Twenty-three participants with clinical experience varying between 1 and 5 years took part in the study. Only one of the participants had prior experience of a CICV scenario in a real clinical setting. All the participants were able to locate the difficult airway trolley. Fourteen participants (61%) were able to identify the Manujet III and connect it to the correct oxygen source. Six (26%) required prompting from the anaesthetist to set up and connect it to the correct oxygen source, whereas three (13%) were unable to do so despite promptings from the anaesthetist. Table 1 lists the other outcome measures that were recorded during the study. The clinical experience of ODPs or the circulation nurse did not have any significant effect on the reventilation time (Table 2).

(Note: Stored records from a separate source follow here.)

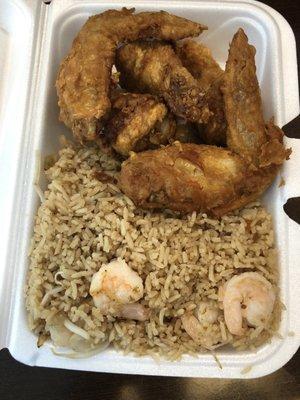 5 cut wings with shrimp fried lunch special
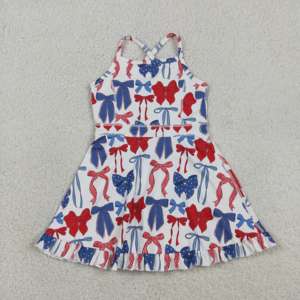 ชุดเดรสกีฬา RTS Fashion ลายดอกไม้ สำหรับเด็กผู้หญิง ใส่สบาย ระบายอากาศได้ดี เหมาะสำหรับเล่นเทนนิส โยคะ หรือกิจกรรมอื่นๆ  พร้อมกางเกงขาสั้นซับใน  สำหรับวันชาติอเมริกา (4 กรกฎาคม) - Product Image 4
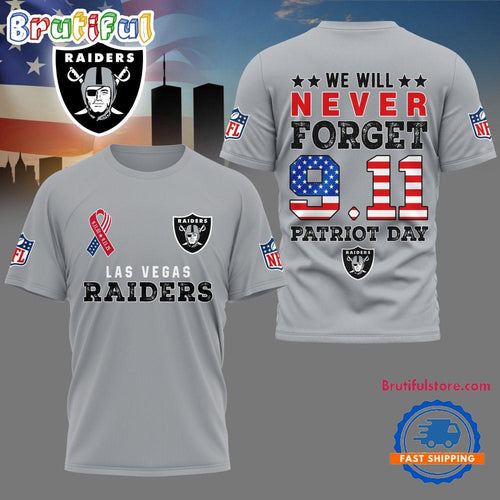 Las Vegas Raiders We Will Never Forget 9 11 Patriot Day 2025 Unisex 3D Shirt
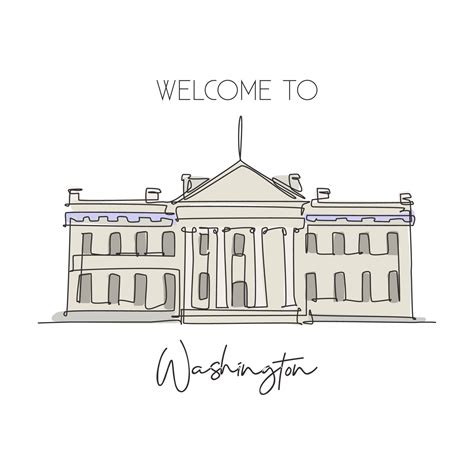 Single continuous line drawing of welcome to White House landmark. Beauty famous place in ...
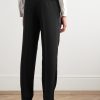 Tapered Pleated Satin-Trimmed Silk, Wool and Mohair-Blend Trousers - BK Tapered Pleated Satin-Trimmed Silk, Wool and Mohair-Blend Trousers - BK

An important finding was that nearly 40% of the participants were either unable to set up Manujet III or required help to connect to the correct oxygen source. This was attributed to a lack of familiarity with managing the CICV scenario, inexperience of the participants and the presence of two different types of probes on the Manujet III to connect to the oxygen source (Fig. 1). The standard Schrader probe connects to the oxygen outlet socket at the wall and the mini-Schrader probe connects to a special oxygen outlet at the rear of the anaesthetic machine. Modern anaesthetic machines have a mini-Schrader valve socket for oxygen, which may be used to power Venturi systems for a bronchoscope or a Manujet.5
The main aim of this study was to assess the ODPs/circulation nurses familiarity with the equipment and their ability to assist in a CICV scenario. There are limitations in our study. We only studied the one aspect of cannula cricothyroidotomy that contributes to the success such as the skilled assistance from ODPs/circulation nurses. However, adaptations of coordinated activities is related to improved team performance in healthcare6 and also as Meeusen et al. suggest standardisation of the training and practice of nurse anaesthetists is desirable for patient safety and quality of care if they seek to work in more than one European country.7
CICV is a rare scenario, but if managed poorly can lead to severe morbidity and mortality. We emphasise that regular training sessions for ODPs/circulation nurses in a simulated environment will help to increase their confidence and their skill levels in dealing with this difficult and stressful situation. The positive feedback from the participants has further strengthened the value of this study as they found it to be a very useful and an educational experience.
Assistance with the letter: none declared.
Financial support and sponsorship: none declared.
Conflicts of interest: none declared.